** Description of the task **
Could you repeat every record below exactly, leaving out the pictures?

** Entries supplied **
━━━━━━━━━━━━━━━━━━━━━━━━━━━━━━
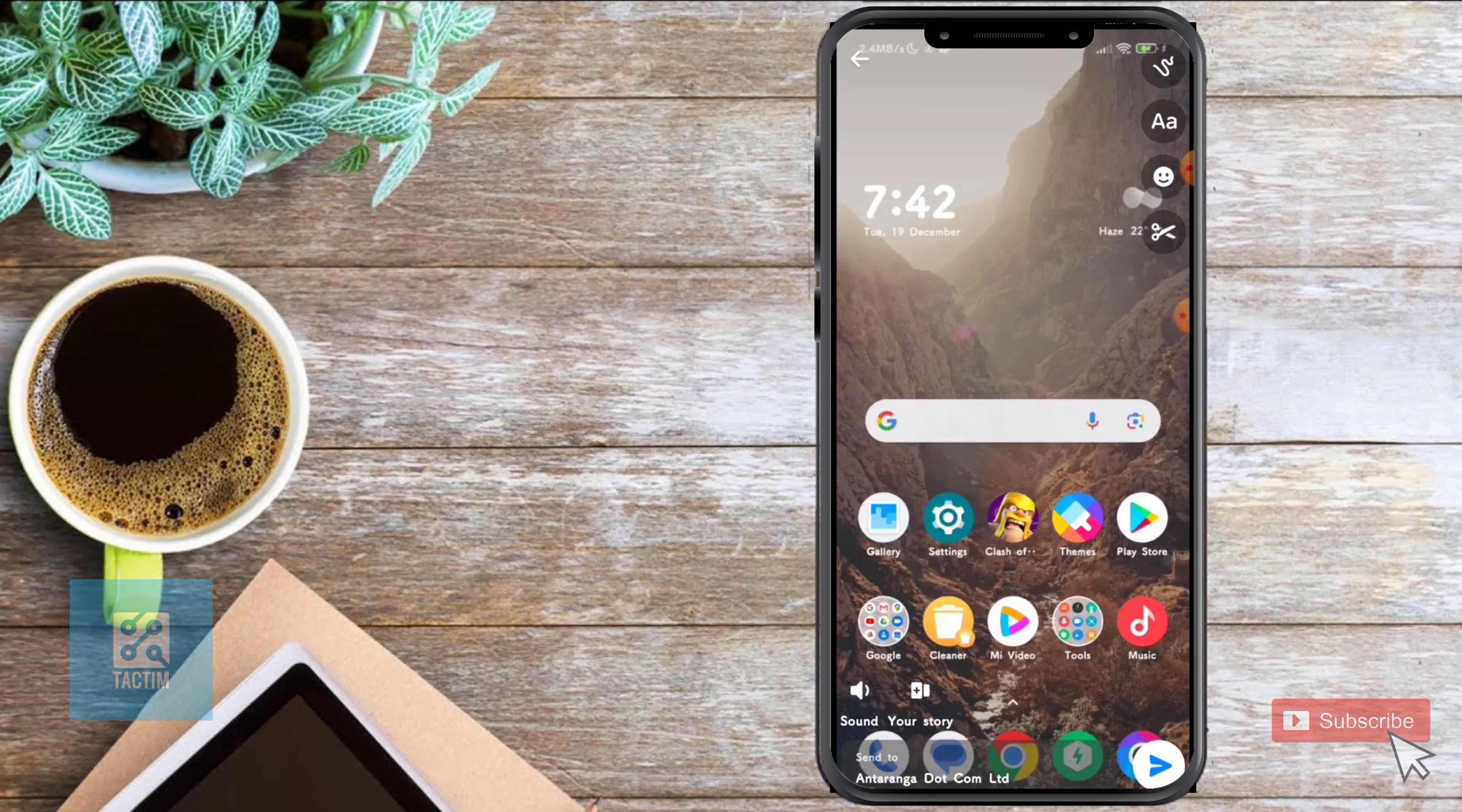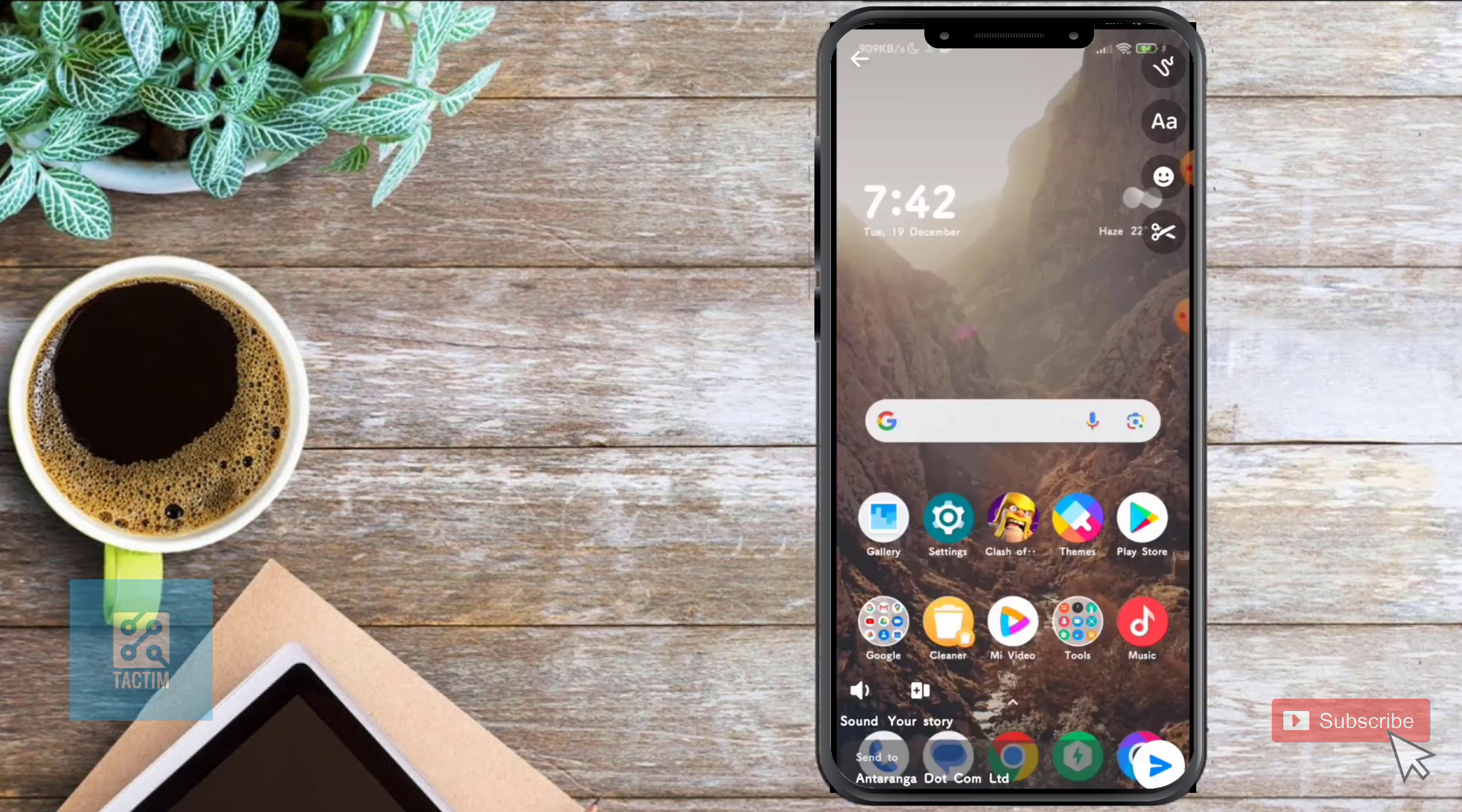After clicking edit, you can see your history option. Just click on it and it will be added to your story.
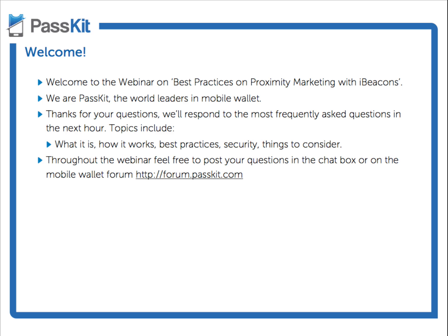Thanks so much for sending us your questions. We've got a load of questions and we're going to try to go through the top questions that we feel will be providing the most value for you. If you go to our forums at forums.passkit.com, you'll find a load of information from our knowledge base. Anything addressed and sent to us that we don't cover in this call, we'll build into the forum.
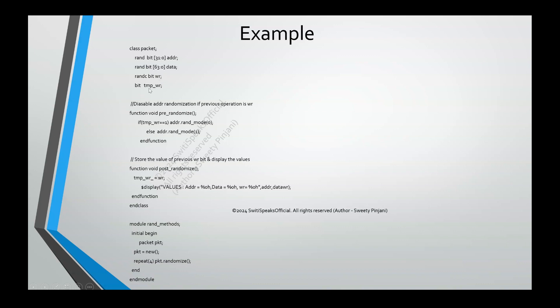Then, I have a bit to store the temporary value of the write signal. So, this is temp write. Now, let's understand what functions I am using.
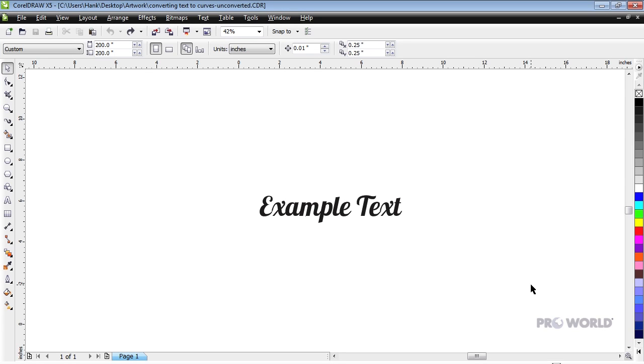This problem can be corrected by following two simple steps in CorelDRAW. Note that we have installed the font on our computer for the purposes of this demonstration.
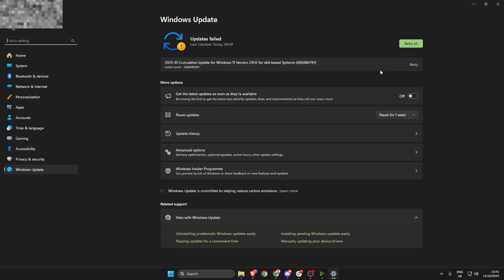As you can see here I've had an update that has failed, so ensure that all of your updates have been downloaded and installed.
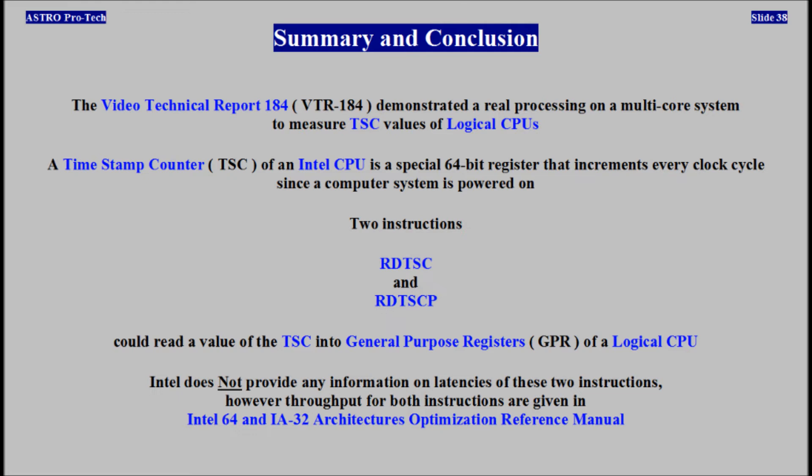The time stamp counter of an Intel CPU is a special 64-bit register that increments every clock cycle since a computer system is powered on. Two instructions, RDTSC and RDTSCP, could read the value of the TSC into general-purpose registers of a logical CPU. Intel does not provide any information on latencies of these two instructions; however, throughput for both instructions are given in an Intel 64 and IA32 architectures optimization reference.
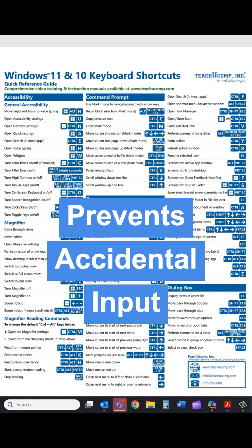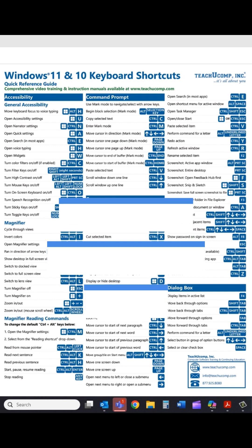It complies with security policies, as many organizations require locking screens when stepping away to prevent unauthorized access. And finally, it prevents accidental input by stopping others from unintentionally typing, clicking, or modifying anything on your screen.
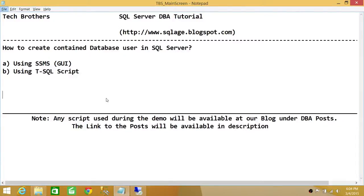Welcome to Tech Brothers. In this video, we're going to learn how to create a contained database user in SQL Server. We'll be using two ways to do it: one is SQL Server Management Studio's graphical user interface, and the other is using a T-SQL script.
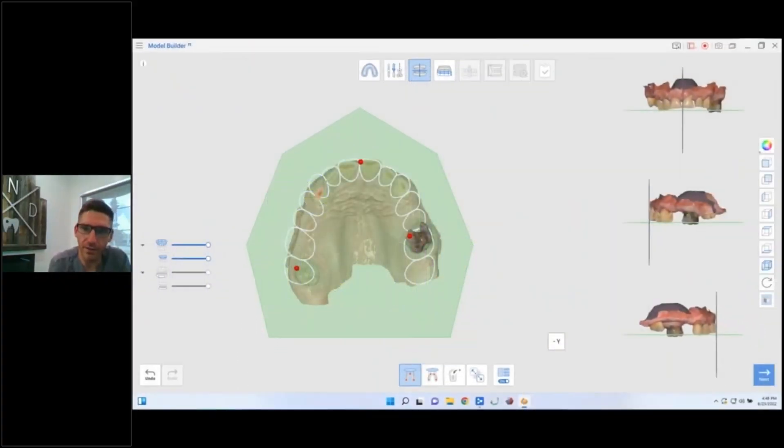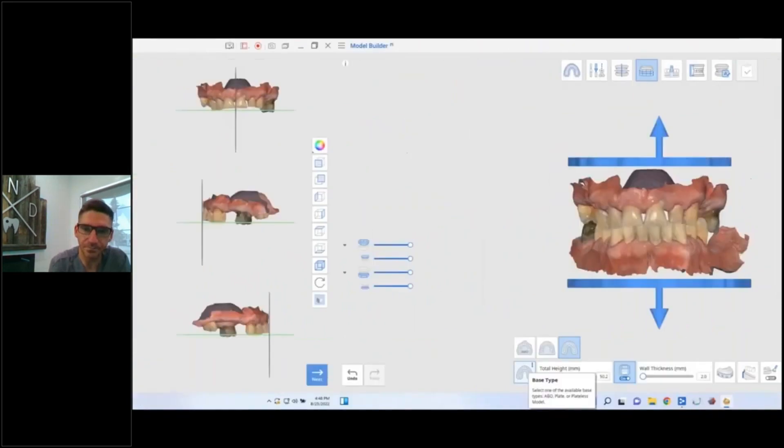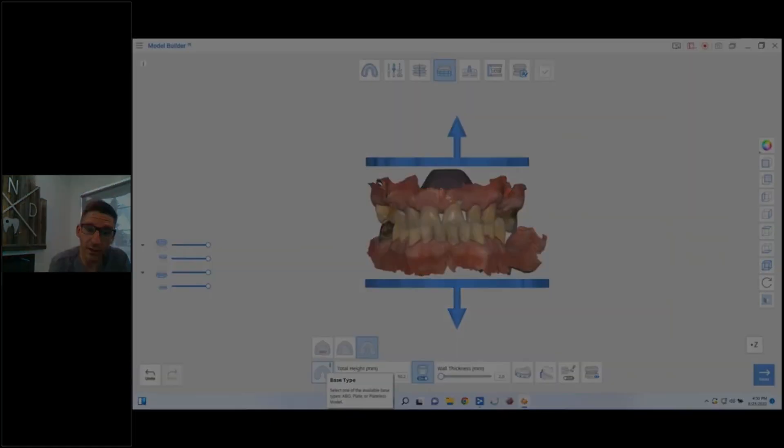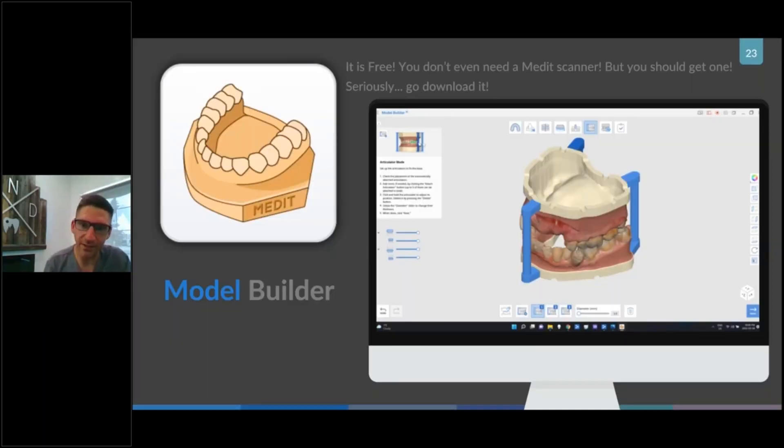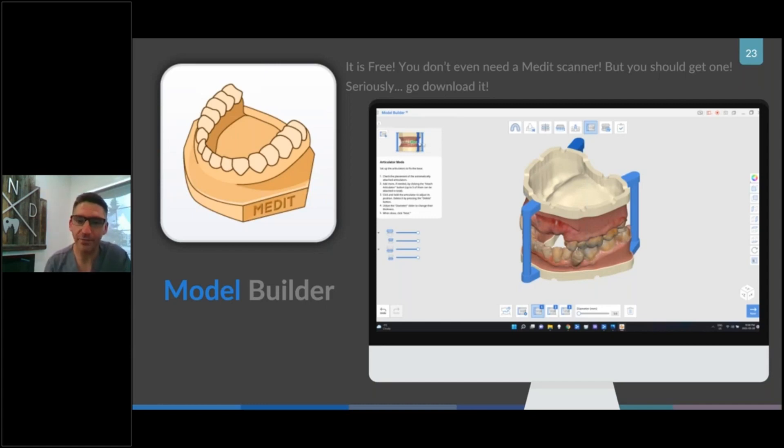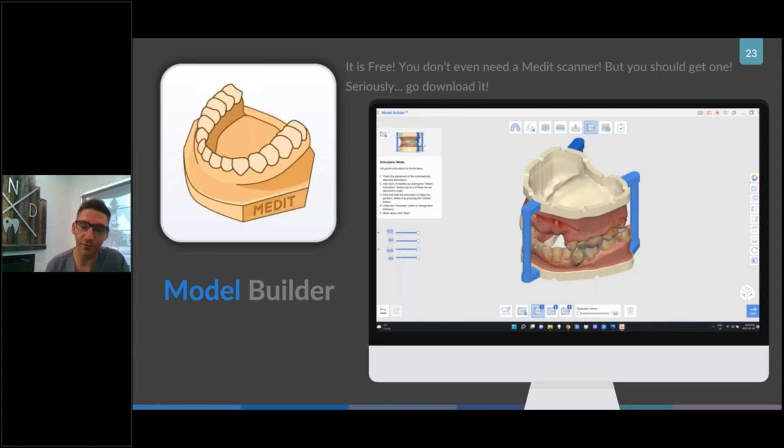Three-point alignment, super simple. Then we're going to use Medit. You can get this software, it's free, go get it. You should get a Medit scanner, I think they're great. But even if you don't, if you already have something else but you're interested in this free Model Builder software, I'm going to show you exactly how to use it even if you don't have a Medit scanner.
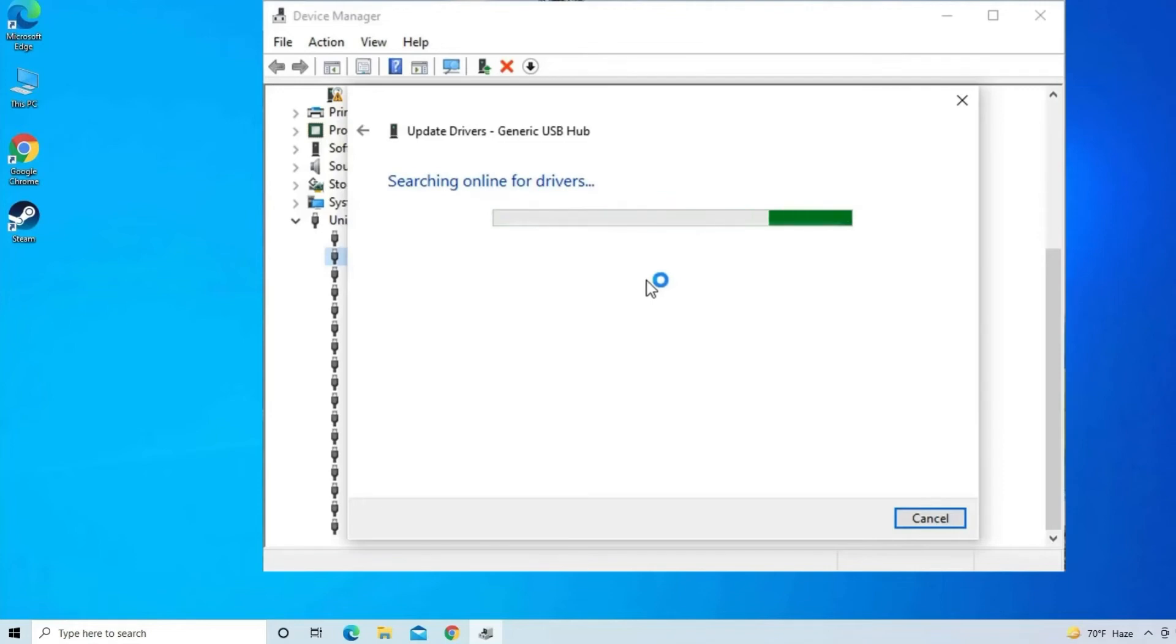So those are the fixes that help you to fix USB Device Not Recognized error.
━━━━━━━━━━━━━━━━━━━━━━━━━━━━━━
** Result for this task **
After clicking edit, you can see your history option. Just click on it and it will be added to your story.
Thanks so much for sending us your questions. We've got a load of questions and we're going to try to go through the top questions that we feel will be providing the most value for you. If you go to our forums at forums.passkit.com, you'll find a load of information from our knowledge base. Anything addressed and sent to us that we don't cover in this call, we'll build into the forum.
Then, I have a bit to store the temporary value of the write signal. So, this is temp write. Now, let's understand what functions I am using.
This problem can be corrected by following two simple steps in CorelDRAW. Note that we have installed the font on our computer for the purposes of this demonstration.
As you can see here I've had an update that has failed, so ensure that all of your updates have been downloaded and installed.
The time stamp counter of an Intel CPU is a special 64-bit register that increments every clock cycle since a computer system is powered on. Two instructions, RDTSC and RDTSCP, could read the value of the TSC into general-purpose registers of a logical CPU. Intel does not provide any information on latencies of these two instructions; however, throughput for both instructions are given in an Intel 64 and IA32 architectures optimization reference.
It complies with security policies, as many organizations require locking screens when stepping away to prevent unauthorized access. And finally, it prevents accidental input by stopping others from unintentionally typing, clicking, or modifying anything on your screen.
Welcome to Tech Brothers. In this video, we're going to learn how to create a contained database user in SQL Server. We'll be using two ways to do it: one is SQL Server Management Studio's graphical user interface, and the other is using a T-SQL script.
Three-point alignment, super simple. Then we're going to use Medit. You can get this software, it's free, go get it. You should get a Medit scanner, I think they're great. But even if you don't, if you already have something else but you're interested in this free Model Builder software, I'm going to show you exactly how to use it even if you don't have a Medit scanner.
So those are the fixes that help you to fix USB Device Not Recognized error.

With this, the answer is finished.